#### Exercise objective:
Ignoring pictures, transcribe exactly the lines between the one containing "A white rectangular" and the end of the material, both included.

#### The data:
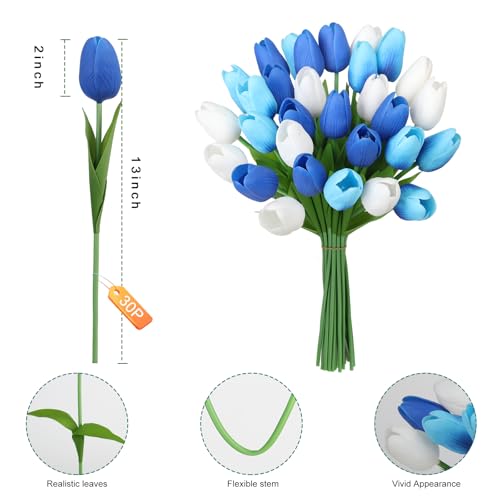 Artificial Tulips Flowers Fake Latex Tulip Stems - 30pcs Real Touch Faux Multicolor Tulips Flower for Easter Spring Wedding Bouquet Centerpiece Floral Arrangement Cemetery Table Decor - color: Dark Blue, White, Light Blue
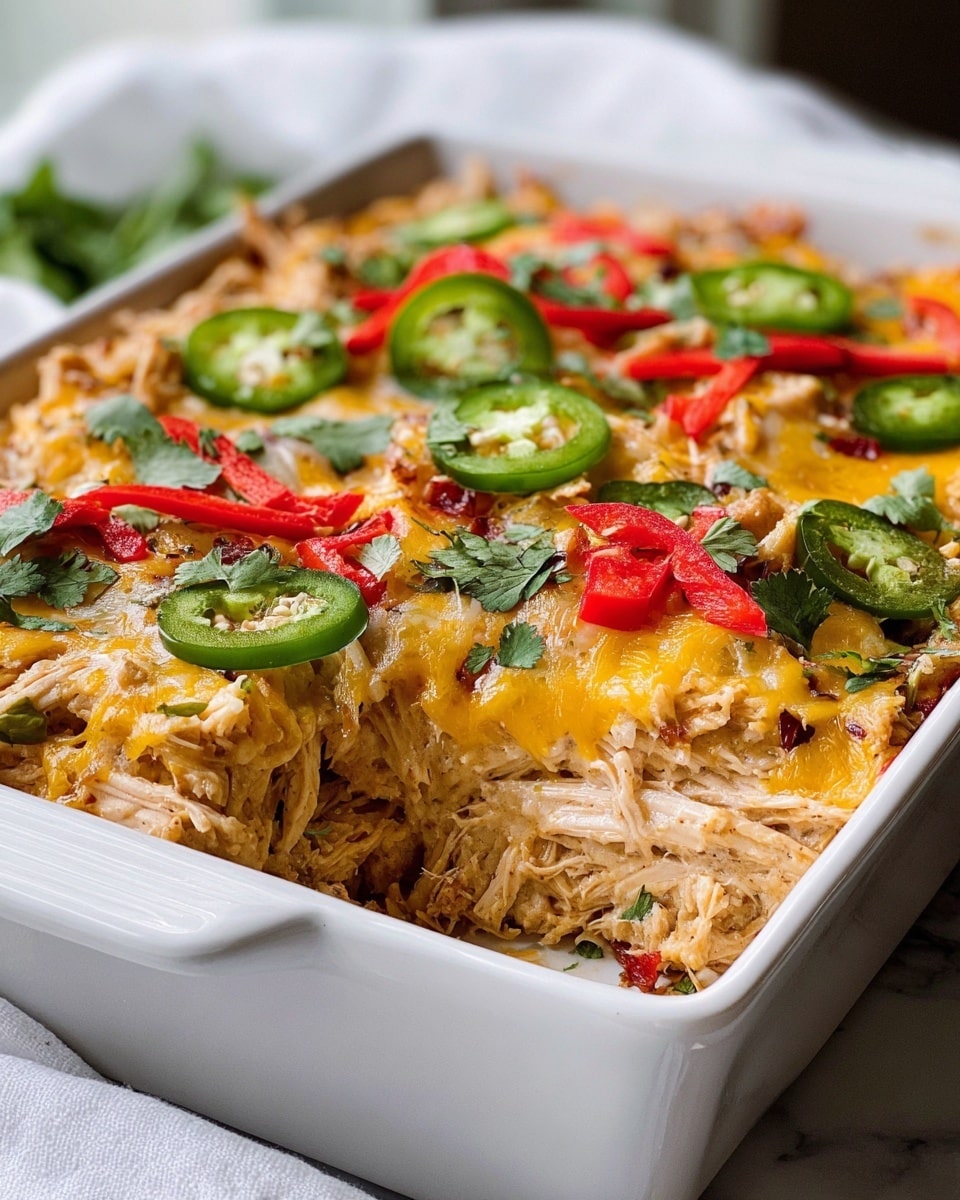 A white rectangular baking dish filled with a layered chicken casserole; the bottom layer is light brown shredded chicken pieces, topped with a melted golden-yellow cheese layer, garnished with bright red sliced bell peppers, green sliced jalapeños, and fresh green cilantro leaves scattered on top. The dish sits on a white marbled surface with part of a white cloth visible beside it. Photo taken with an iphone --ar 4:5 --v 7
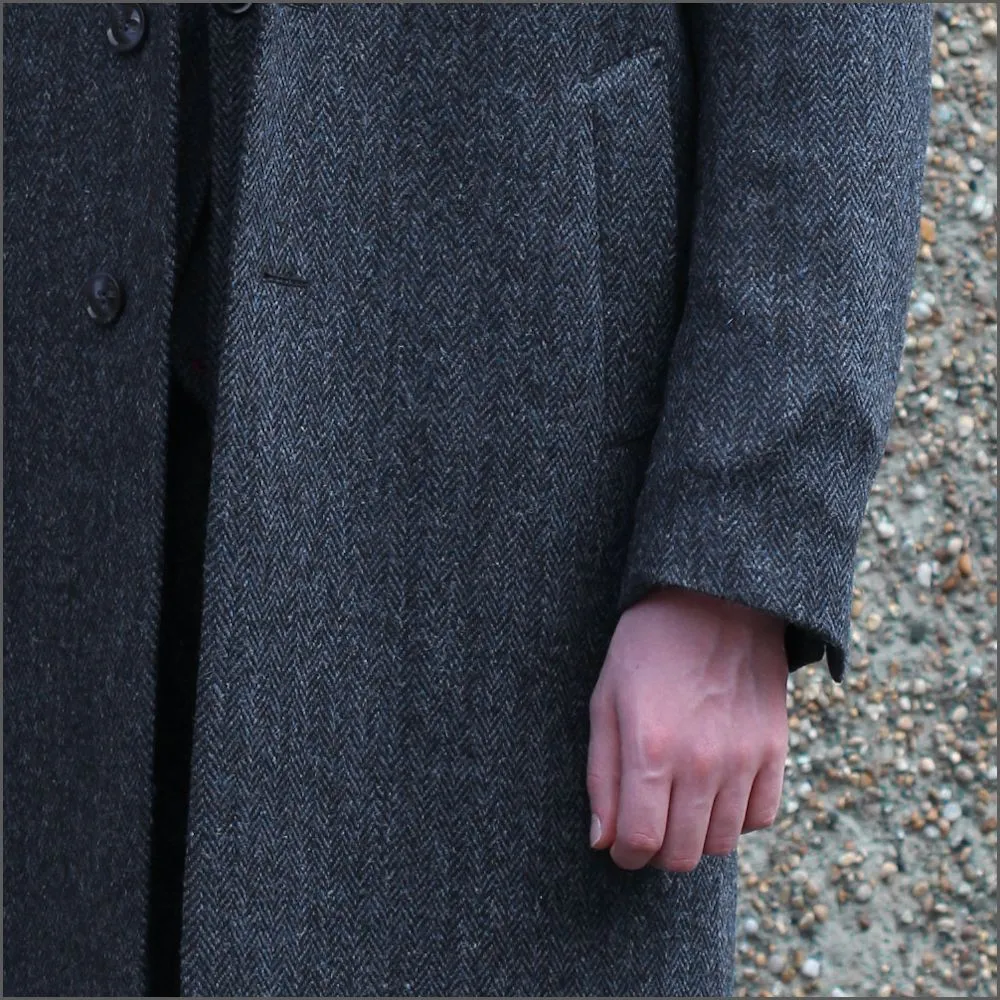 Harris Tweed Dark Blue Herringbone Overcoat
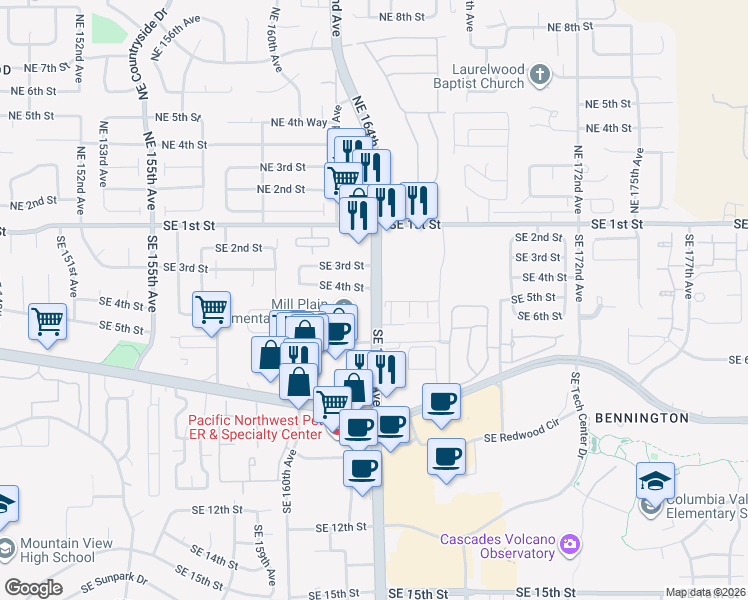 map of restaurants, bars, coffee shops, grocery stores, and more near Southeast 164th Avenue in Vancouver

#### Result of the task:
 A white rectangular baking dish filled with a layered chicken casserole; the bottom layer is light brown shredded chicken pieces, topped with a melted golden-yellow cheese layer, garnished with bright red sliced bell peppers, green sliced jalapeños, and fresh green cilantro leaves scattered on top. The dish sits on a white marbled surface with part of a white cloth visible beside it. Photo taken with an iphone --ar 4:5 --v 7
 Harris Tweed Dark Blue Herringbone Overcoat
 map of restaurants, bars, coffee shops, grocery stores, and more near Southeast 164th Avenue in Vancouver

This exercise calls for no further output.